The Mudcat Café TM
Thread #51357   Message #1191024
Posted By: Q (Frank Staplin)
21-May-04 - 04:41 PM
Thread Name: Tune Req: Native American Folk Songs for kids
Subject: RE: Tune Req: Native American Folk Songs for kids
Recently reprinted at Univ. Arizona Press, paperback:
Frank Hamilton Cushing, "Zuñi Folk Tales," 474 pp. The tales are written in a form that is easily read aloud to an audience (as these tales were meant to be). The author lived as a Zuñi for many years. None of the tales has been Disneyfied or otherwise distorted. They were collected before 1900, and have not been contaminated by our culture's re-interpretations.Some remind of Aesop, e. g.
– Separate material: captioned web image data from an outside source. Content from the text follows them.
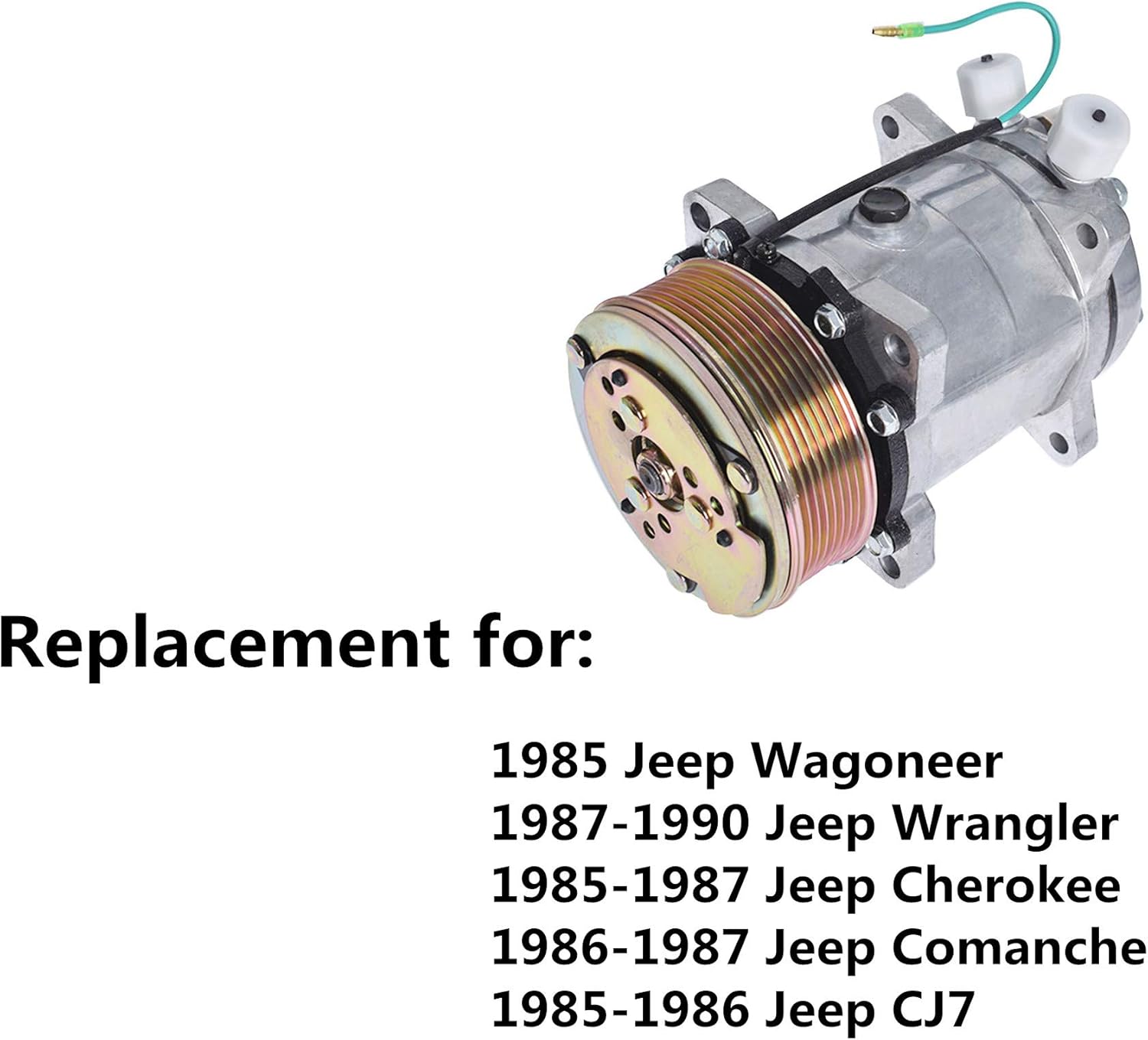 A/C Compressor for Jeep Wagoneer Wrangler Cherokee Comanche H51691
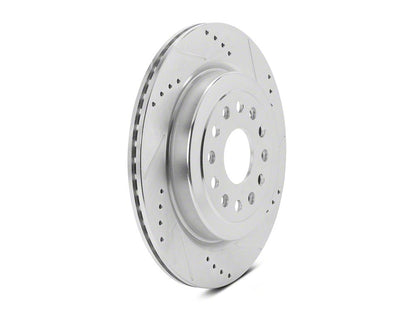 C&L Super Sport HD Cross-Drilled and Slotted Rotors; Rear Pair (19-25 RAM 1500, Excluding RHO & TRX)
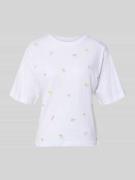 Jake*s Casual T-Shirt mit 1/2-Arm in Weiss, Größe L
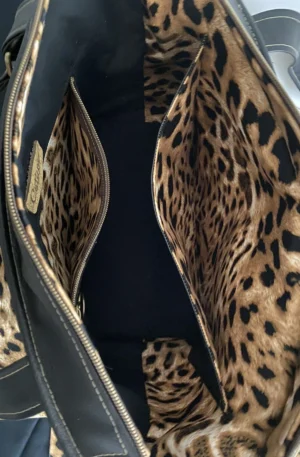SAC ZIPPE LE GRAND CHIC SIMILI LEOPARD
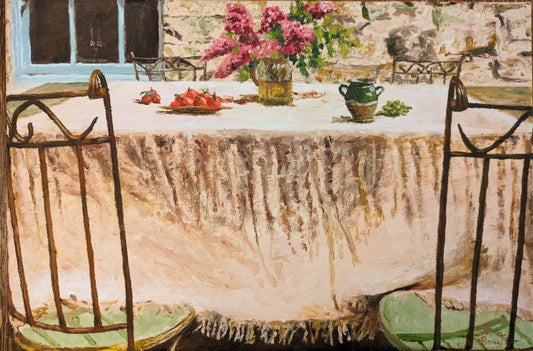 At the table, Giclée print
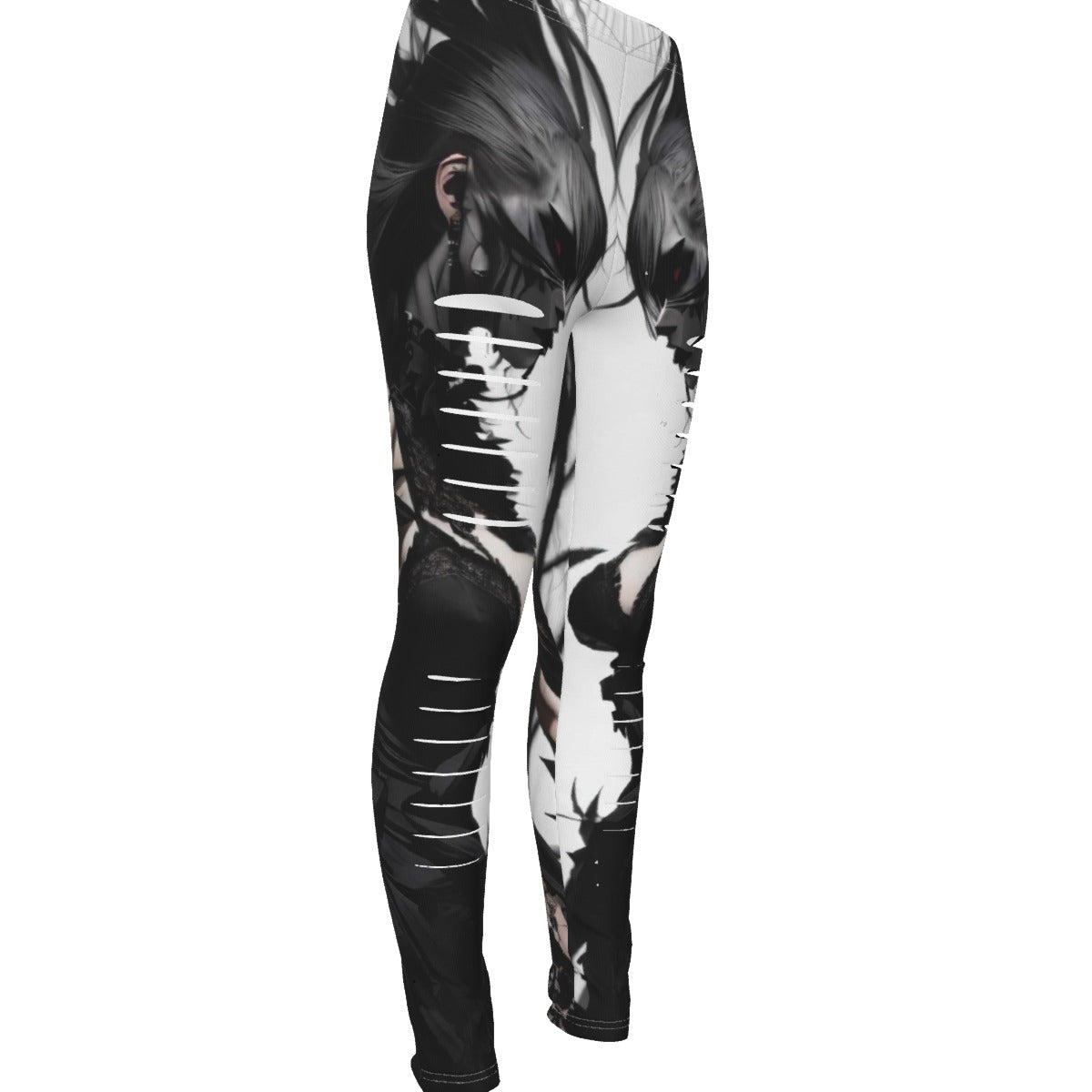 Stand out with the Lady of Night Women's Ripped Leggings available at Hey Nugget. Grab yours today!
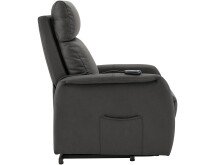 TV-Sessel >Toril< in Grau, Stoff - 66x156x89cm (BxHxT)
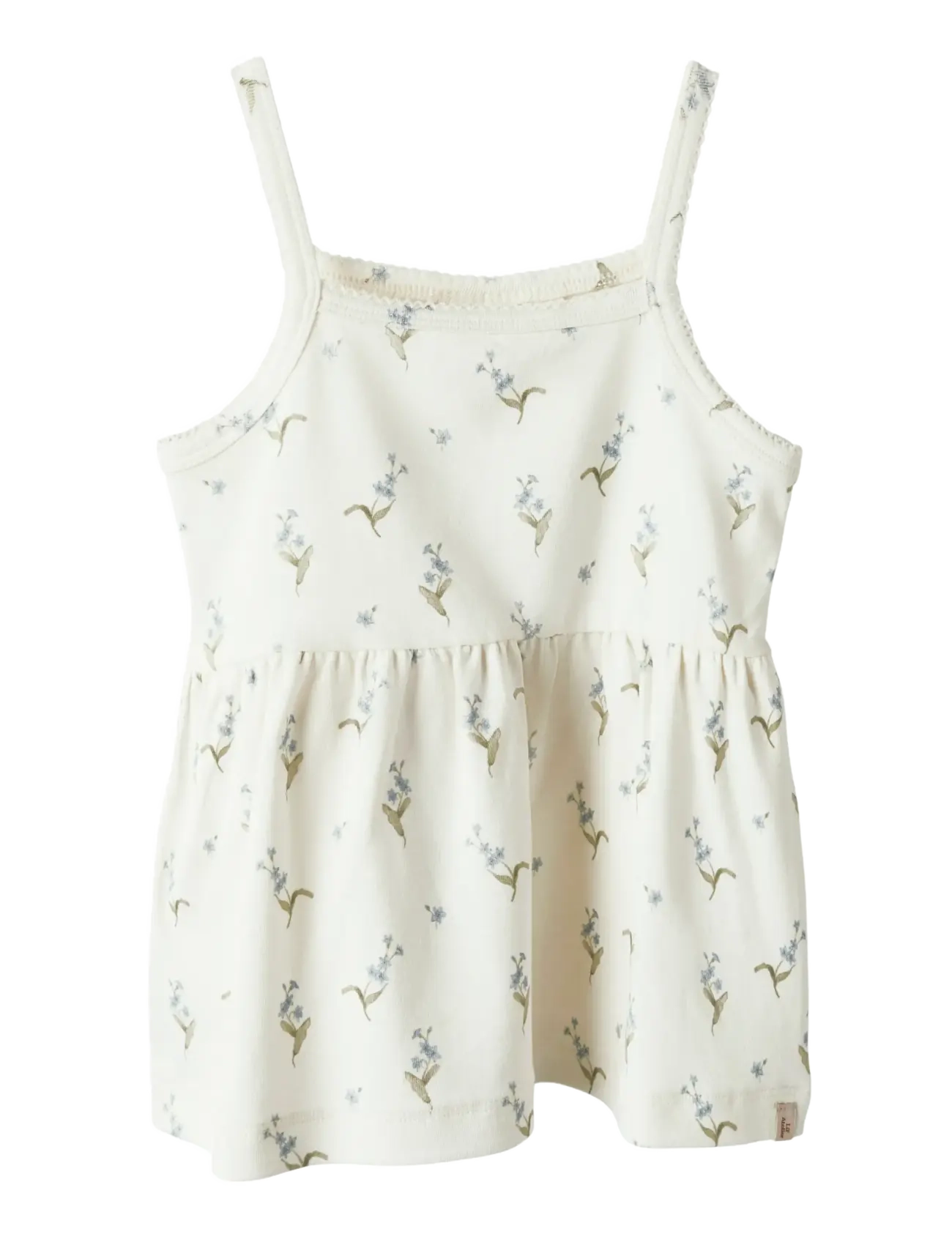 Lil'Atelier - NMFGAYO SAD SL STRAP TOP LIL - hihattomat arkimekot - coconut milk - 1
The Coyote and the Ravens, How the Turtle Duped the Coyote, etc.

Not many songs, but here is one, from "The Boy Hunter Who Never Sacrificed to the Deer He Had Slain: or the Origin of the Society of Rattlesnakes."

A Call for the People to Gather-

Ye, our children, listen!
Ye I will this day inform,
Our child, our father,
He of the strong hand,
He who hunts the Deer
Goes into the Sunset world,
Goes, our Sun-father to greet;
Gather at the sacred houses,
Bring thy prayer-sticks, twines and feathers,
And prepare for him,-
For the Sun-father,
For the Moon-mother,
For the Great Ocean,
For the prey-beings, plumes and treasures.
Hasten, hasten, ye our children, in the morning!

One story, which my kids loved, was "How the Rattlesnakes came to be what they are." It starts out, "Know you that long ago there lived at Yathpew'nan, as live there now, many Rattlesnakes; but then they were men and women, only of a Rattlesnake kind."
The stories were collected before 1900, when the Zuñi People were little comtaminated by modern life.